Examples of Anisotropy Influences on Chemical Shift
The compound on the left has a chain of ten methylene groups linking para carbons of a benzene ring. Such bridged benzenes are called paracyclophanes. The meta analogs are also known. The structural constraints of the bridging chain require the middle two methylene groups to lie over the face of the benzene ring, which is a NMR shielding region. The four hydrogen atoms that are part of these groups display resonance signals that are more than two ppm higher field than the two methylene groups bonded to the edge of the ring (a deshielding region).
The following general rules summarize important requirements and characteristics for spin 1/2 nuclei :
1) Nuclei having the same chemical shift (called isochronous) do not exhibit spin-splitting. They may actually be spin-coupled, but the splitting cannot be observed directly.
2) Nuclei separated three or fewer bonds will usually be spin-coupled and will show mutual spin-splitting of the resonance signals, provided they have different chemical shifts. Longer-range coupling may be observed in molecules having rigid configuration of atoms .

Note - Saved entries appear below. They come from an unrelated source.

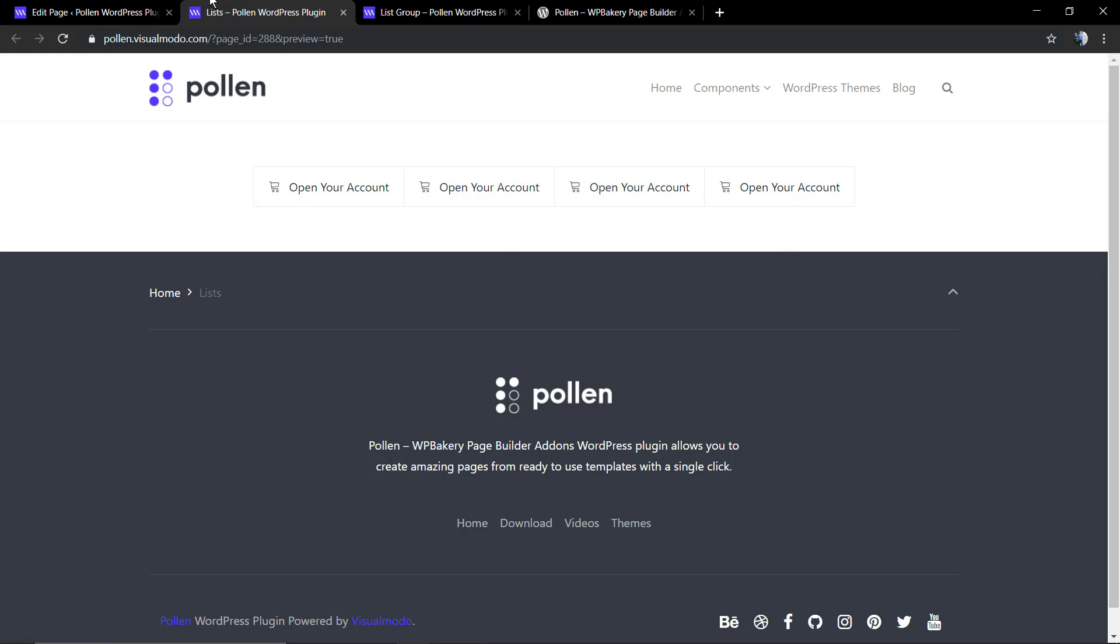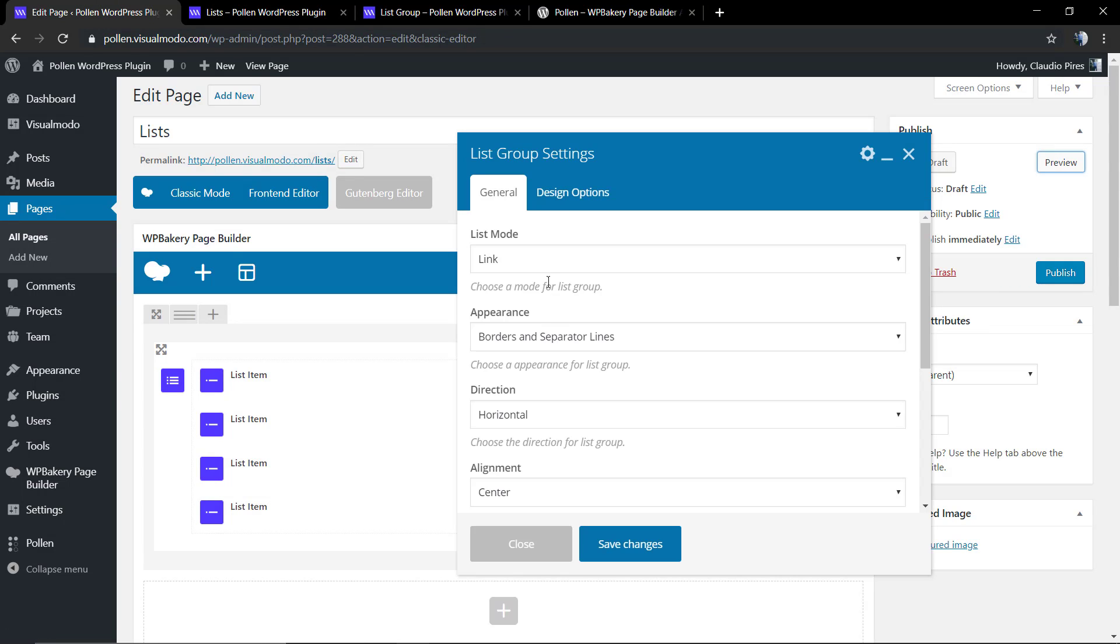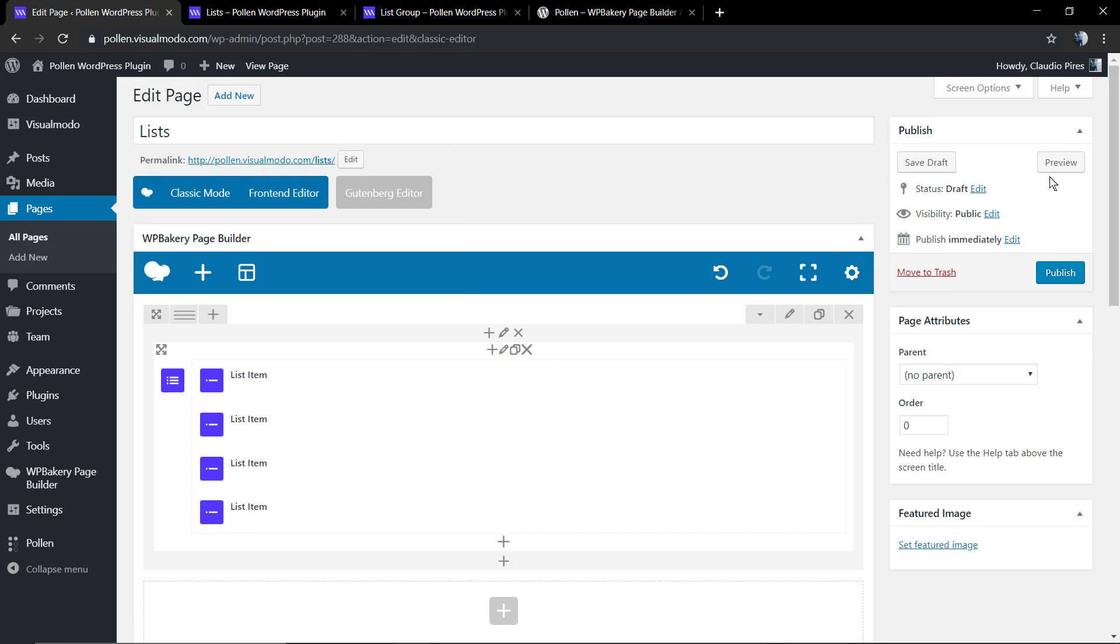This kind of list is perfect to create buttons or call to actions, for example. You can align it.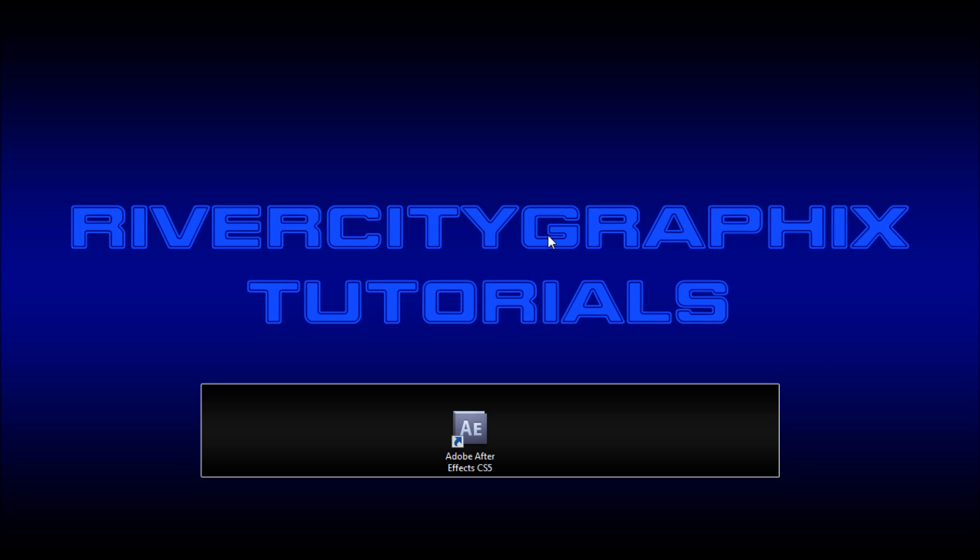Welcome to this tutorial brought to you by River City Graphics. Today I'm going to be showing you how to use the motion sketch and auto-orient features in After Effects.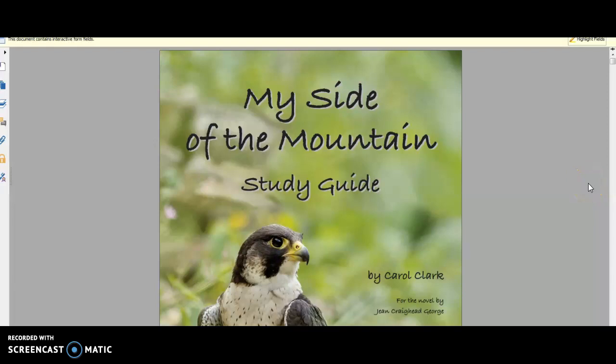Hey everyone, I am here today to review Progeny Press' My Side of the Mountain Study Guide.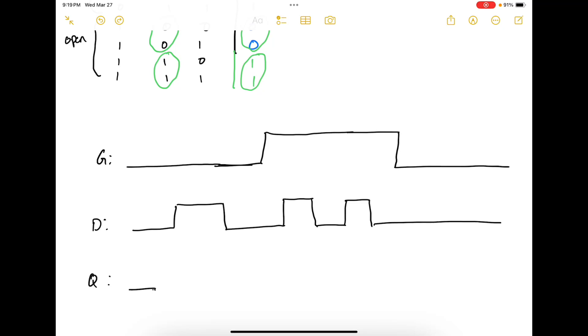Given below is the timing diagram for a gated D latch and we are asked to complete the timing diagram for Q. Now initially gate is 0 and D is 0. It doesn't really matter what the value of D when gate is 0. It's just going to continuously hold the value.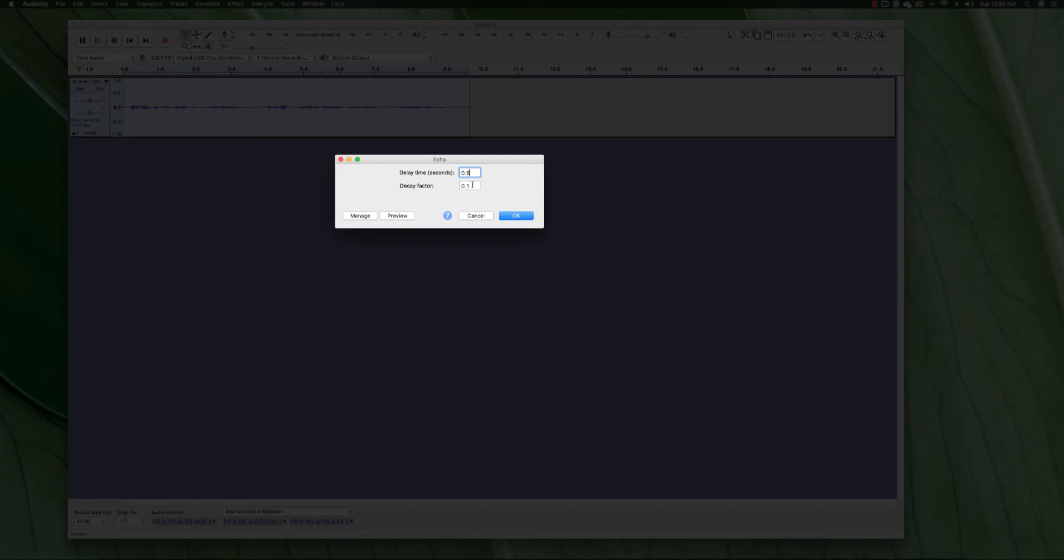So I experimented with this one and I found out that the best for this type of audio that you heard at the beginning of this clip is 0.5. So I'm going to put that at 0.5.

3) The magnitude of the observed spin-splitting depends on many factors and is given by the coupling constant J (units of Hz). J is the same for both partners in a spin-splitting interaction and is independent of the external magnetic field strength
4) The splitting pattern of a given nucleus can be predicted by the n+1 rule, where n is the number of neighboring spin-coupled nuclei with the same (or very similar) Js. If there are 2 neighboring, spin-coupled, nuclei the observed signal is a triplet (2+1=3); if there are three spin-coupled neighbors the signal is a quartet (3+1=4). In all cases the central line(s) of the splitting pattern are stronger than those on the periphery. The intensity ratio of these lines is given by the numbers in Pascal's triangle. Thus a doublet has 1:1 or equal intensities, a triplet has an intensity ratio of 1:2:1, a quartet 1:3:3:1 etc.